Published in final edited form as: West Indian Med J. 2005 Dec;54(6):355–359. doi: 10.1590/s0043-31442005000600002

Dietary Intake of Choline and Plasma Choline Concentrations in Pregnant Women in Jamaica

M Gossell-Williams 1, H Fletcher 2, N McFarlane-Anderson 1, A Jacob 1, J Patel 3, S Zeisel 3
PMCID: PMC2438604  NIHMSID: NIHMS50713  PMID: 16642650

Abstract

Choline is an essential nutrient for humans and its availability during pregnancy is important for optimal fetal development. The Food and Nutrition Board of the Institute of Medicine in the United States of America has set the adequate choline intake during pregnancy at 450 mg/day. There is limited data available on normal plasma choline concentrations in pregnancy. Moreover, there are neither documented studies of choline intake among pregnant women in the Jamaican population nor of free plasma choline concentrations during pregnancy. Sixteen women presenting to the antenatal clinic of the University Hospital of the West Indies (UHWI) at 10−15 weeks of gestation were selected for this pilot study. A food frequency questionnaire was administered to estimate frequency of consumption of foods rich in choline. Fasting blood samples were collected by venepuncture and plasma assayed for choline using liquid chromatography electrospray ionization isotopic dilution mass spectrometry. Most of the women reported consumption of diets that delivered less than the recommended choline intake (mean ± SEM, 278.5 ± 28.9 mg). Mean plasma choline concentration was 8.4 ± 0.4 μmol/L. This falls below the normal concentration (10 μmol/L) reported for individuals that are not pregnant and pregnant (14.5 μmol/L). The results of this study may be an indication that the choline included in the diet of pregnant women in Jamaica may not be adequate to meet both the needs of the mother and fetus and that further studies are warranted to determine clinical implications.

INTRODUCTION

Choline is a nutrient that is a precursor of the phosphatidylcholine and sphingomyelin, both major components of cell membranes and important in the proper triglyceride turnover from the liver and blood. In addition, it is an important methyl-group donor needed for homocysteine metabolism and is used to make acetylcholine, a neurotransmitter (1).

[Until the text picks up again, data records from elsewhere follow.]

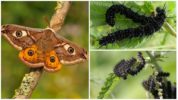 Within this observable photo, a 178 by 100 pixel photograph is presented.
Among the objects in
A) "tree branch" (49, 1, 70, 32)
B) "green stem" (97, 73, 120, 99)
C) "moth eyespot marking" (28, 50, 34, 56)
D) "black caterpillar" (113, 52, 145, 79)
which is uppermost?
"tree branch" (49, 1, 70, 32)

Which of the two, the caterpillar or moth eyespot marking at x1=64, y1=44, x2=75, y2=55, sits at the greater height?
the caterpillar

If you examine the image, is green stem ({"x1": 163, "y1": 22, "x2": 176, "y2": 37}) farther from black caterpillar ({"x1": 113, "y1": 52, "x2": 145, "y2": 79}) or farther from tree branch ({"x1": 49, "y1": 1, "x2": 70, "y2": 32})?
tree branch ({"x1": 49, "y1": 1, "x2": 70, "y2": 32})

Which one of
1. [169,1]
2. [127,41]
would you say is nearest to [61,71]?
[127,41]

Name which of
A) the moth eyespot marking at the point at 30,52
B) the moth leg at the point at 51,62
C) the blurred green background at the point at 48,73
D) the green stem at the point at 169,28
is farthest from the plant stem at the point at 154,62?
the moth eyespot marking at the point at 30,52

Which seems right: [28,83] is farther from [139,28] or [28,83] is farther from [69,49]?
[139,28]

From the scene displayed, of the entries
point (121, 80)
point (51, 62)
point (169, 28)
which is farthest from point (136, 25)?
point (51, 62)

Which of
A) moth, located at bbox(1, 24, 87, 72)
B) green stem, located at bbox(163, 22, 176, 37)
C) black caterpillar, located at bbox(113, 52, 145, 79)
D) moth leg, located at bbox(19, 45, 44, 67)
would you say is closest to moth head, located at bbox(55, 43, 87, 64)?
moth, located at bbox(1, 24, 87, 72) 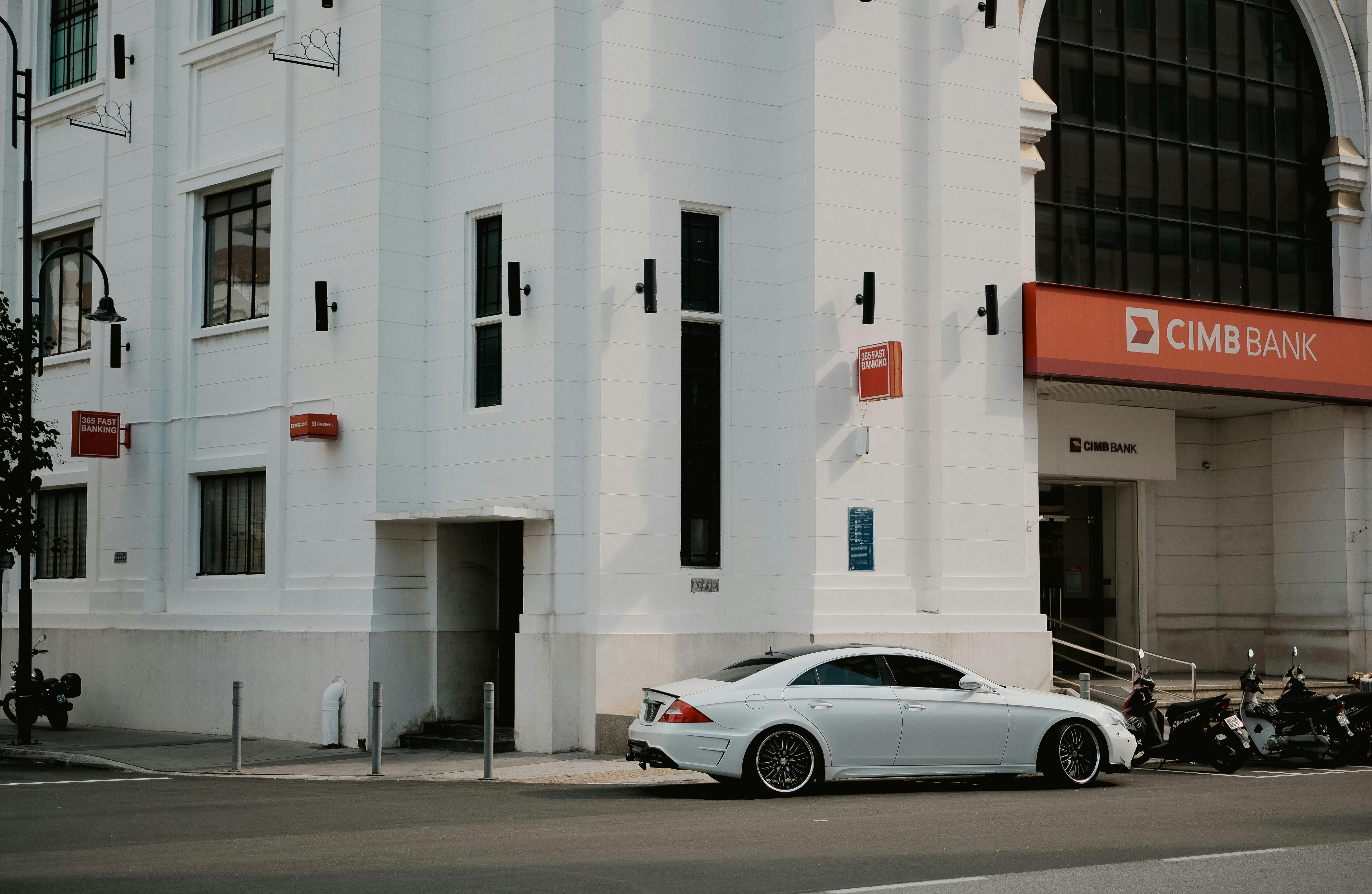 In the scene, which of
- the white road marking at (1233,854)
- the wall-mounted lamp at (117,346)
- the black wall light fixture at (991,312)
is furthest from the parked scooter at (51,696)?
the white road marking at (1233,854)

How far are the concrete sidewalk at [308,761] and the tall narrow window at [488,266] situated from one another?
5933 millimetres

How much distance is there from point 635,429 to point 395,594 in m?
4.12

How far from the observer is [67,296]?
92.3 feet

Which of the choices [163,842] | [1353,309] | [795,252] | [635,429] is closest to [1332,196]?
[1353,309]

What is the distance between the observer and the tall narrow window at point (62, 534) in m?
27.6

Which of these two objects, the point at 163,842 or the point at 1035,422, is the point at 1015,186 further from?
the point at 163,842

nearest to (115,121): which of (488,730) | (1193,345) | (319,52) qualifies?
(319,52)

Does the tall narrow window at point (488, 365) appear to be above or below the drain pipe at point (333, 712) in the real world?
above

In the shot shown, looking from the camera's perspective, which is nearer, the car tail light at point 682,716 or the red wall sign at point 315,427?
the car tail light at point 682,716

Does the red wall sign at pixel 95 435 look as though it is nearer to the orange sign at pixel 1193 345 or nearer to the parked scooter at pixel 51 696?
the parked scooter at pixel 51 696

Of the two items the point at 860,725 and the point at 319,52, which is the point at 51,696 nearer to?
the point at 319,52

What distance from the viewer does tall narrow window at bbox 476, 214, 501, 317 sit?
2142 centimetres

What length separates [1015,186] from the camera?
22.8 m

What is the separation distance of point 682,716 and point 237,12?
50.8 feet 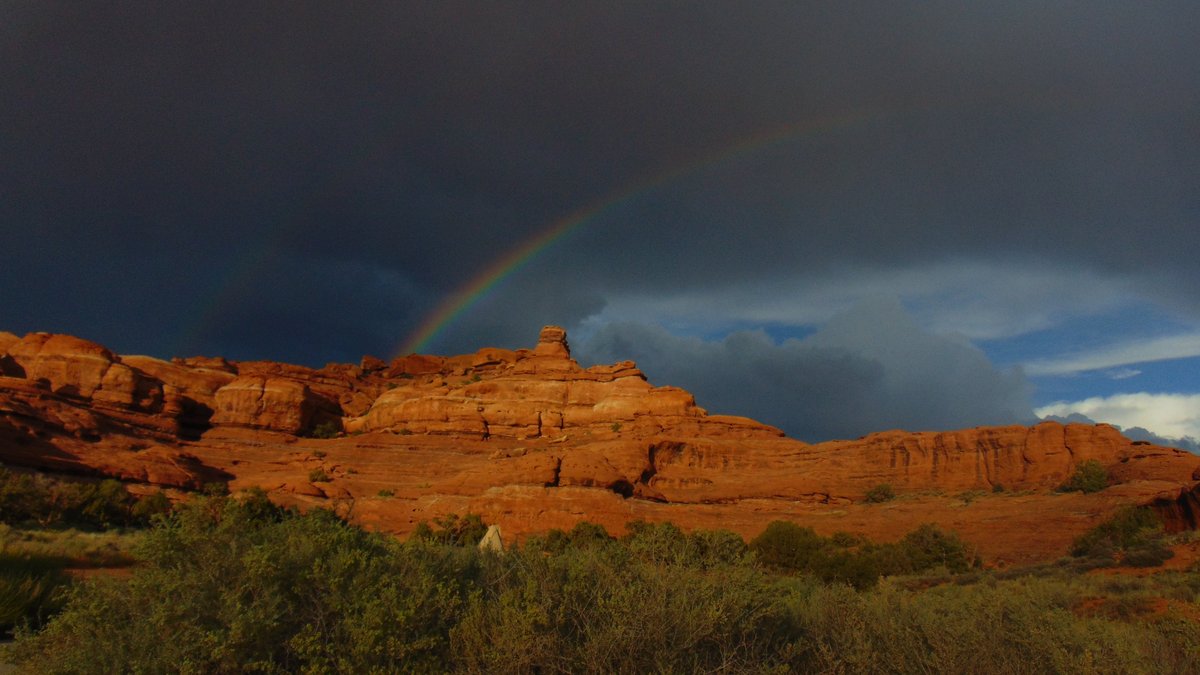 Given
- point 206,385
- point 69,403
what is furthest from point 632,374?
point 69,403

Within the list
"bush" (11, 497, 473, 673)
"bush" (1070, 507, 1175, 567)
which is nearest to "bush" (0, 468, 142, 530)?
"bush" (11, 497, 473, 673)

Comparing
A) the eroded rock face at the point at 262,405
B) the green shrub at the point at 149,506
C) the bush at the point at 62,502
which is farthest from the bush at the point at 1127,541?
the eroded rock face at the point at 262,405

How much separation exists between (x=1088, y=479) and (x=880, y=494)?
42.4 feet

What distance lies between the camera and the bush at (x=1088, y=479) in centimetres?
4166

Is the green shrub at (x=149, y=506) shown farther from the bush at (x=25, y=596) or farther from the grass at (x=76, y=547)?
the bush at (x=25, y=596)

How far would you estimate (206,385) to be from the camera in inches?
2729

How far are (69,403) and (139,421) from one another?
7420 millimetres

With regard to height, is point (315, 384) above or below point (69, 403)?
above

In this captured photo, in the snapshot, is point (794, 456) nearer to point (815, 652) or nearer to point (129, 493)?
point (129, 493)

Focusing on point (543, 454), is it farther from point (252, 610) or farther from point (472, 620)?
point (252, 610)

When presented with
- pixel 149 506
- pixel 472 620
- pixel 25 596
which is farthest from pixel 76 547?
pixel 472 620

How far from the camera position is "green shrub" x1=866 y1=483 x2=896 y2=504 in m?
47.3

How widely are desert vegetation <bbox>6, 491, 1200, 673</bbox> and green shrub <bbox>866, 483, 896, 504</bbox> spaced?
4389cm

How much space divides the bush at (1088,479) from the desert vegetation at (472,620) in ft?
→ 144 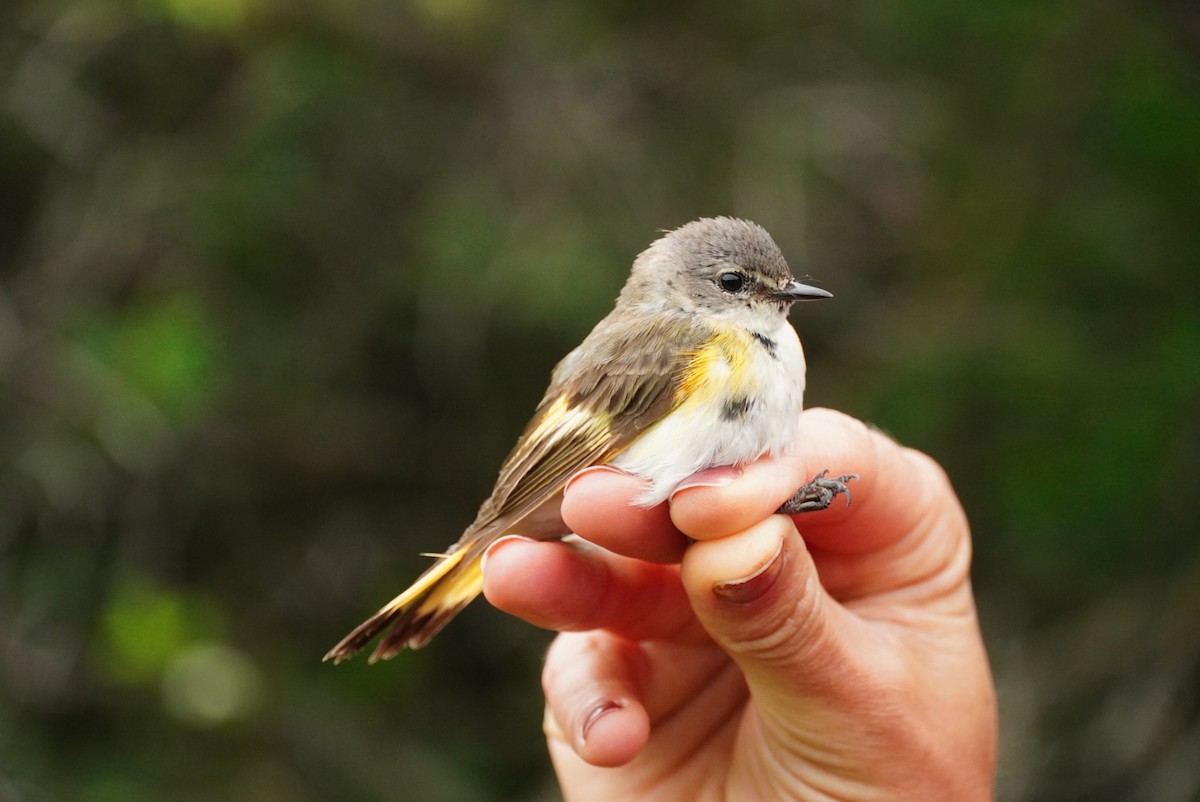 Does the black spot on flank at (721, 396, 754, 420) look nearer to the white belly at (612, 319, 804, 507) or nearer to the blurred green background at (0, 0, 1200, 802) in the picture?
the white belly at (612, 319, 804, 507)

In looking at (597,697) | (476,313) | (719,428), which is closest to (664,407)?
(719,428)

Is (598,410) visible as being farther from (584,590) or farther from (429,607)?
(429,607)

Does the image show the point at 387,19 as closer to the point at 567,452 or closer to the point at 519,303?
the point at 519,303

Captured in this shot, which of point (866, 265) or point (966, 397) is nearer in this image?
point (966, 397)

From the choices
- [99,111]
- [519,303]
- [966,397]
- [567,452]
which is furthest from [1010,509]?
[99,111]

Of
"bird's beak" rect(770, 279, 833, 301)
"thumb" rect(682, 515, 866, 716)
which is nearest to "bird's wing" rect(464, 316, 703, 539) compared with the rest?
"bird's beak" rect(770, 279, 833, 301)

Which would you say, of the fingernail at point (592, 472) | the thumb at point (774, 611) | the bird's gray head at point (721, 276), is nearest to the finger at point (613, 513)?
the fingernail at point (592, 472) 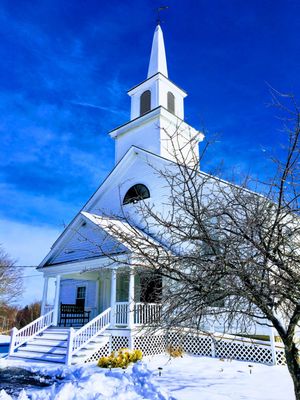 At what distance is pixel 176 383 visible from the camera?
7.71 meters

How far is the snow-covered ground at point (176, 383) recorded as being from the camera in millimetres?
6438

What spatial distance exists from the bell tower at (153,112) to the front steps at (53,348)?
33.7 feet

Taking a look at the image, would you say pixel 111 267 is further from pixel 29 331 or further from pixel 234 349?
pixel 234 349

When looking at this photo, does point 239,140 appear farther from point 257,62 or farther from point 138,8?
point 138,8

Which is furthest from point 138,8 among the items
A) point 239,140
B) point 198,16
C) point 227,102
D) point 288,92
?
point 288,92

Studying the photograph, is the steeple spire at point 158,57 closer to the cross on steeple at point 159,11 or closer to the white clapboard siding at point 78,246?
the cross on steeple at point 159,11

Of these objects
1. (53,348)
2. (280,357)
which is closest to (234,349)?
(280,357)

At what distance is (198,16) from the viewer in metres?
12.0

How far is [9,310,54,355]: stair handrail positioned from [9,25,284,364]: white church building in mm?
11

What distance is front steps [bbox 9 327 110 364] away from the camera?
36.8 ft

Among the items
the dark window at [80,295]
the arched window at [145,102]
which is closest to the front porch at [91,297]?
the dark window at [80,295]

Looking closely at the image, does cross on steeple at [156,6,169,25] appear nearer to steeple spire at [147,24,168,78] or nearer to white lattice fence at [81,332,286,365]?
steeple spire at [147,24,168,78]

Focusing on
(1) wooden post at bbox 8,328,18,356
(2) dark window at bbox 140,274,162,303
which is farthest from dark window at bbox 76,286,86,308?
(2) dark window at bbox 140,274,162,303

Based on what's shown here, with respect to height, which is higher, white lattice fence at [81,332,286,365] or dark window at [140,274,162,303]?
dark window at [140,274,162,303] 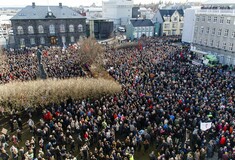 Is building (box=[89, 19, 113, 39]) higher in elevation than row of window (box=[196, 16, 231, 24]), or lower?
lower

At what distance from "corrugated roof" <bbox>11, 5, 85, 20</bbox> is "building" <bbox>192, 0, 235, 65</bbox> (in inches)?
1227

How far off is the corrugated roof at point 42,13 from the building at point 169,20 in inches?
1125

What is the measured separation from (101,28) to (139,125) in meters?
55.5

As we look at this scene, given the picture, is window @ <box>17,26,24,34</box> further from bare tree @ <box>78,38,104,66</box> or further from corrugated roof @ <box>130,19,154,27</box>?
corrugated roof @ <box>130,19,154,27</box>

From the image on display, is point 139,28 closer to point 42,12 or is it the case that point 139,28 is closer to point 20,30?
point 42,12

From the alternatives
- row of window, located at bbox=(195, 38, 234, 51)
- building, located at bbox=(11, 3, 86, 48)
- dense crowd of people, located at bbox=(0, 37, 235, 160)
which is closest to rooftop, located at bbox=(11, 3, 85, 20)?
Answer: building, located at bbox=(11, 3, 86, 48)

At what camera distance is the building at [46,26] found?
5553 cm

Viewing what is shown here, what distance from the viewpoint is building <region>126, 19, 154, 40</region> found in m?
71.1

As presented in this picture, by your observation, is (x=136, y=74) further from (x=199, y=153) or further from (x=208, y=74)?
(x=199, y=153)

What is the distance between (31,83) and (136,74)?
13521 millimetres

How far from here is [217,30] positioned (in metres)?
42.2

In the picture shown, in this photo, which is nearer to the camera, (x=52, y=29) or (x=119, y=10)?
(x=52, y=29)

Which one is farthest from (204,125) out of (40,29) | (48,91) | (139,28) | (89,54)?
(139,28)

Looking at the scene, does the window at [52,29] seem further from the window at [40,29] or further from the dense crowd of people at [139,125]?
the dense crowd of people at [139,125] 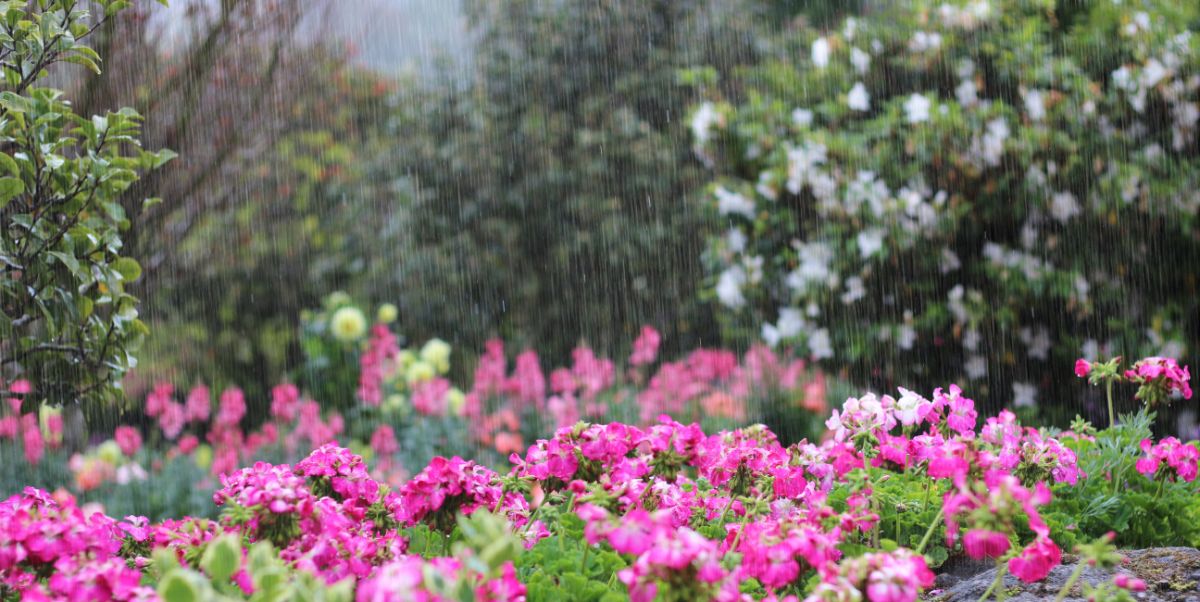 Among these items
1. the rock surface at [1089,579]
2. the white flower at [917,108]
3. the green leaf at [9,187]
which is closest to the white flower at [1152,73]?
the white flower at [917,108]

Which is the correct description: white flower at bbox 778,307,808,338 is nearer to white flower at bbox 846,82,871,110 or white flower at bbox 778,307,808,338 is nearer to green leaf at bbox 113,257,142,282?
white flower at bbox 846,82,871,110

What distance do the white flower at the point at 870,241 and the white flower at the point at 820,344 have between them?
1.20 ft

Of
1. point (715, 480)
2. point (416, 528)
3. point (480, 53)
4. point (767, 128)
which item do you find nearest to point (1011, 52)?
point (767, 128)

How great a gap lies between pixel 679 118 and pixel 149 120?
9.88 feet

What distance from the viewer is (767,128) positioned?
3.90 metres

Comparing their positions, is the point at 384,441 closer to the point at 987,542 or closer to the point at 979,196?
the point at 979,196

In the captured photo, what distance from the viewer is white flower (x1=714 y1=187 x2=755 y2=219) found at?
3.87 m

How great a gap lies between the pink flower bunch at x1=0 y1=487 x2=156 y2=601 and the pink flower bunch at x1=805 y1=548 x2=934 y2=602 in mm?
774

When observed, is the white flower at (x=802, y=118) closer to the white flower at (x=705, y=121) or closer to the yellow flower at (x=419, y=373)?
the white flower at (x=705, y=121)

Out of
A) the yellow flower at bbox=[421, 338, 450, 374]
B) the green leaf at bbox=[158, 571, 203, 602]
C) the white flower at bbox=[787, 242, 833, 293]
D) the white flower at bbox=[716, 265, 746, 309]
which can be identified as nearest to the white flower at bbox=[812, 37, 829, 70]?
the white flower at bbox=[787, 242, 833, 293]

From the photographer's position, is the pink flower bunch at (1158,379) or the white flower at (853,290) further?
the white flower at (853,290)

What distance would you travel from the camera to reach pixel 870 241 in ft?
11.9

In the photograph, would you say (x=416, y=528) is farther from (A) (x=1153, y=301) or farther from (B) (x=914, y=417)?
(A) (x=1153, y=301)

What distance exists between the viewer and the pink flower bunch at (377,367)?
15.3 ft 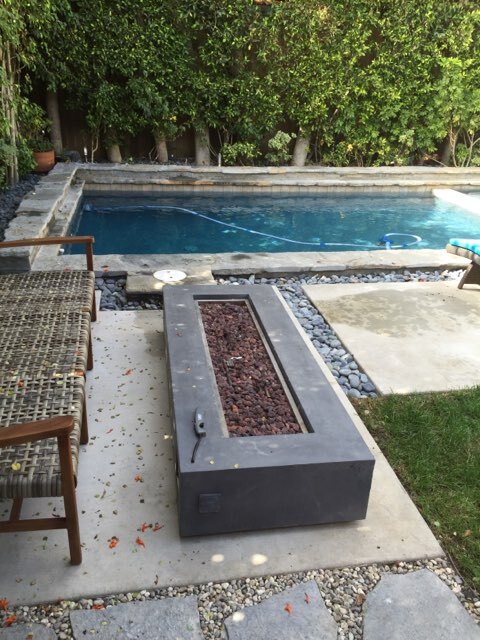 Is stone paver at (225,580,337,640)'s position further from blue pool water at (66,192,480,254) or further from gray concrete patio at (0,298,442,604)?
blue pool water at (66,192,480,254)

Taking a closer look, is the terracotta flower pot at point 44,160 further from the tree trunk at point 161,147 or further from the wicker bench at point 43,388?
the wicker bench at point 43,388

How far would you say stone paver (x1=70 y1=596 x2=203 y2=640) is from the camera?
1.50 m

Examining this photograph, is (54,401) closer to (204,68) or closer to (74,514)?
(74,514)

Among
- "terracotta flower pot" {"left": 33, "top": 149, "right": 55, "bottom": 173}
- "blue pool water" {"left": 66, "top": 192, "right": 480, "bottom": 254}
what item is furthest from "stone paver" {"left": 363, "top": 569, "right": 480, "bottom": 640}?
"terracotta flower pot" {"left": 33, "top": 149, "right": 55, "bottom": 173}

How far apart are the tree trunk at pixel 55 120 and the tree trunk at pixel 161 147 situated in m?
1.46

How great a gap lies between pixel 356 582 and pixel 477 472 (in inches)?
31.9

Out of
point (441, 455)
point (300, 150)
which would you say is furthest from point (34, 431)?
point (300, 150)

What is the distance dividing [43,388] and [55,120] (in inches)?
284

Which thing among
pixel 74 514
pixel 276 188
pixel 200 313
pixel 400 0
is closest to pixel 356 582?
Answer: pixel 74 514

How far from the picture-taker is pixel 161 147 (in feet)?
27.4

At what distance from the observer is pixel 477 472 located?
2186 millimetres

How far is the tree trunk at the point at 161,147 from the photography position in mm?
8191

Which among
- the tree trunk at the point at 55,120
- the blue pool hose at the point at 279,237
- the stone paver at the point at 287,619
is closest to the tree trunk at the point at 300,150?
the blue pool hose at the point at 279,237

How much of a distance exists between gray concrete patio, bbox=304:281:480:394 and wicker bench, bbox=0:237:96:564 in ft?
5.30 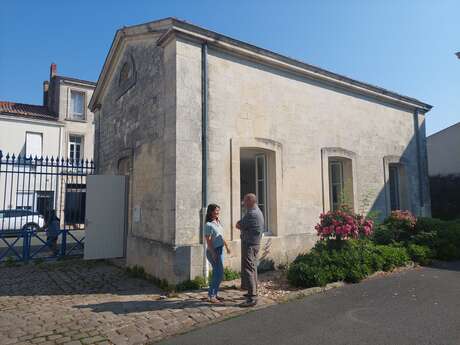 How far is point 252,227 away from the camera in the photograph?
4.92 m

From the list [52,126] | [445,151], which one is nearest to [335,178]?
[445,151]

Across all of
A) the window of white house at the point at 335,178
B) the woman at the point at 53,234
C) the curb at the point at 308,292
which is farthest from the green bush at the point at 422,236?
the woman at the point at 53,234

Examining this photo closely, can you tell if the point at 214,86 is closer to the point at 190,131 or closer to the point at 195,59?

This nutrient is especially important during pregnancy when mother actively transports it to the fetus (2). In rodent models, optimal development of the brain is directly influenced by the availability of choline during gestation, and can influence lifelong memory function (37). Choline is synthesized in the liver through the action of phosphatidylethanolamine methyltransferase (PEMT) (8).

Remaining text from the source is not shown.